**To do:**
The data below holds a line containing "Range Rover Sport" and a line containing "17 North Road, Ascot, SL5 8RP"; please quote exactly those two lines and every line between them, and nothing else.

**Extracted data:**
=== Begin Enclosure ===

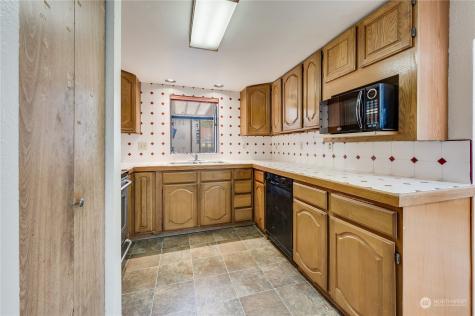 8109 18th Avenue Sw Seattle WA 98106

=== End Enclosure ===
=== Begin Enclosure ===

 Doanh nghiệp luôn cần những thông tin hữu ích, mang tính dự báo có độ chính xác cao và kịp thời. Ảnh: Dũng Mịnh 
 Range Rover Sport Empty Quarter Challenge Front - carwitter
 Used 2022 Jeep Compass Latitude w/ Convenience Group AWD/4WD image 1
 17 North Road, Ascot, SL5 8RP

=== End Enclosure ===
=== Begin Enclosure ===

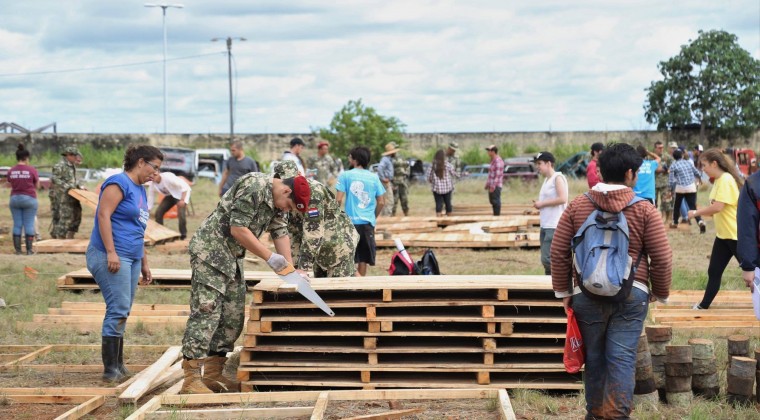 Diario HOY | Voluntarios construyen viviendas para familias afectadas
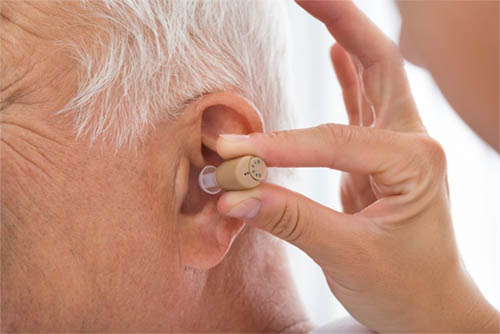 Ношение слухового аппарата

=== End Enclosure ===

**Response below:**
 Range Rover Sport Empty Quarter Challenge Front - carwitter
 Used 2022 Jeep Compass Latitude w/ Convenience Group AWD/4WD image 1
 17 North Road, Ascot, SL5 8RP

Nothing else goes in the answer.